I bit into one of the shrimp and my eyes watered instantly and both women chuckled even louder before handing me a napkin.

"A di pepper make yuh yeye and nose a run?" Johnson asked.

I laughed.

My mouth was on fire, but that is what I have come to expect whenever I stop at Middle Quarters, the shrimp capital of Jamaica.

But a lot has changed in shrimp country. There was once a time when the area was flooded with vendors, waving bags of shrimp in the line of sight of passing motorists. However, on Tuesday, only Ball, Johnson and another woman were in sight, and it was minutes after 10 a.m. There has been a massive decline in the shrimp population in the nearby river from which the crustaceans are normally harvested. Vendors are now mainly relying on those from the seafood stores. This has caused some vendors to seek an income elsewhere while others have lost interest in the trade.

"About five years now we have the river shrimp shortage due to global changes. One time mi used to survive by bare river shrimp but now mi have to buy from Rainforest [Seafood] and the one dem catch at the sea and those are more expensive, and we have to sell it back at the same price because the customers dem nah go understand.
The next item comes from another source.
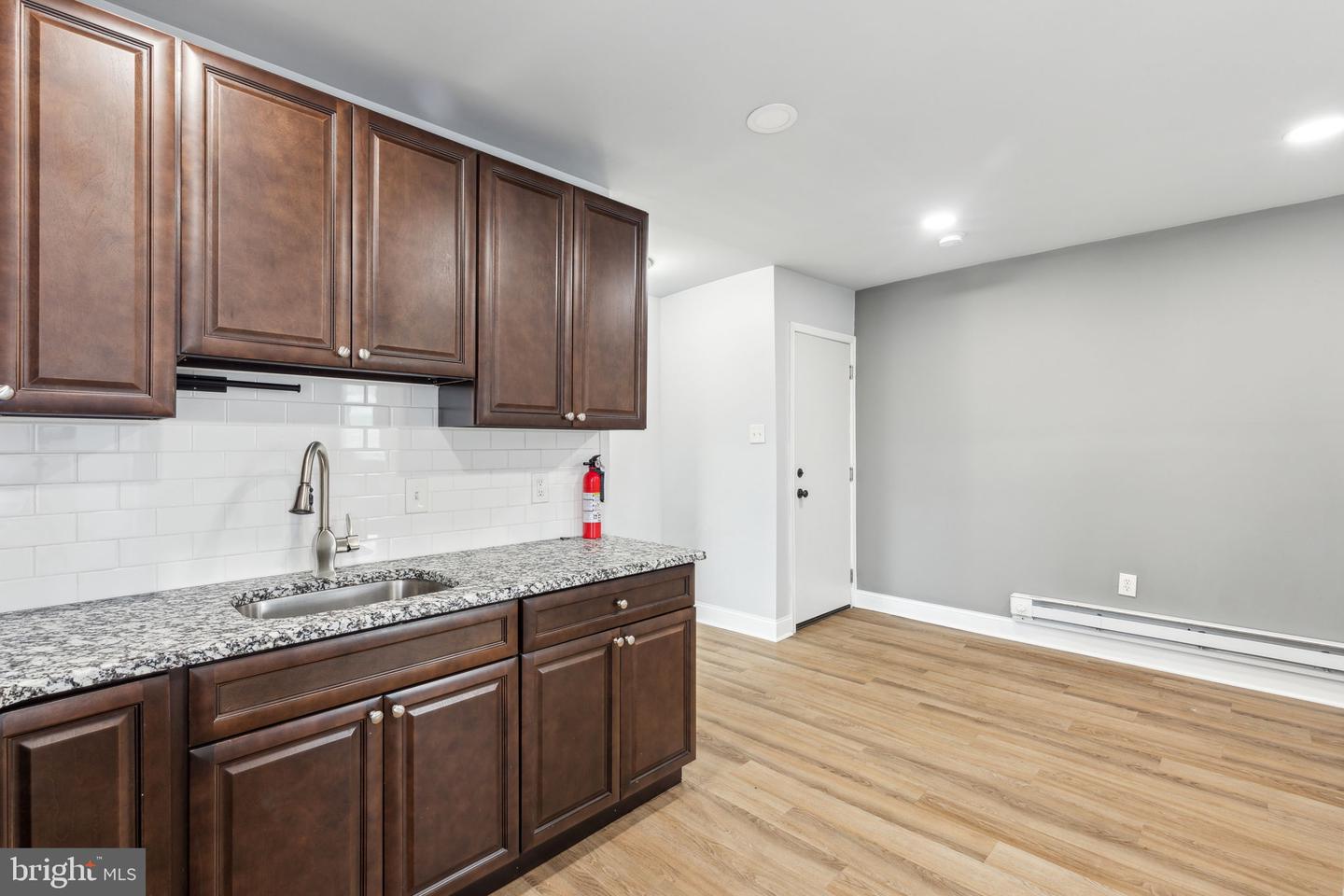 1633 W Oxford St Property Photo 32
So it's less profit for us," said Ball, who has been in the business for more than three decades.

The 54-year-old mother of seven said her shrimp business was what funded her children's education.

"Three of them went to university and is the shrimp money do it because I could take loan and throw my partner from it," she said.

She said the number of vendors in the square has dwindled from approximately 40 to just eight. The massive decrease in the number of vendors, Ball reasoned, is directly linked to the fact that they now have to be buying shrimp from commercial players, rather than from locals who normally harvest from the river.

"Some people don't want to buy it because dem say it too dear [expensive] and dem nah make much money. Dem wait until dem can get even a small portion of river ones but we can't wait suh long because we have our kids to feed. It really rough but we a guh stay here same way. We nah give up on shrimp but mi worried say after we leave it, the younger generation nah guh take it on," Johnson said.

"The young people dem nuh like it. We come from generations of swims sellers because our grandmother and mother use to sell it and we take it over, but mi nuh really see it a continue after we," she added.

While the vendors enjoy serving up bags of peppered shrimp to motorists in Middle Quarters, there are some shortfalls.

"Sometimes the drivers pass and splash us up and another time we will all approach a vehicle and before the driver just say dem not interested in buying, dem all wind up dem window. There are times when the cars will stop and persons will order and then just drive off and right there suh we just have to call it a loss. But we nuh make dem things deh bother we to the point where we wah pack up and leave because we love selling shrimp. We plant right here with the almond tree," Johnson said.

Retired marine scientist Dr Karl Aiken, when contacted by THE WEEKEND STAR, said that overfishing could be a possible cause of the shrimp shortage.

"It is a small fishery that has been going on from the days of slavery and at the time when I did a study some 40 years ago, they were doing really well and was getting some four or five species of shrimp," Aiken said.

"At that time, the number of persons selling shrimp in the New Market and Santa Cruz area was small ... There is now a greater demand from the market for the shrimp from the same location, so overfishing may be the cause," he said.

Aiken also suggested that pollution, especially from dunder linked to the production of sugar, may have affected the shrimp population in the river.

Additionally, the St Elizabeth Sustainable Development Plan, produced in 2015, pointed to the introduction of "hard back" shrimp into the river. The new variety, said to have been as a result of a commercial shrimp-raising project, led to the decimation of the local soft-body shrimp which was once in abundance in the river.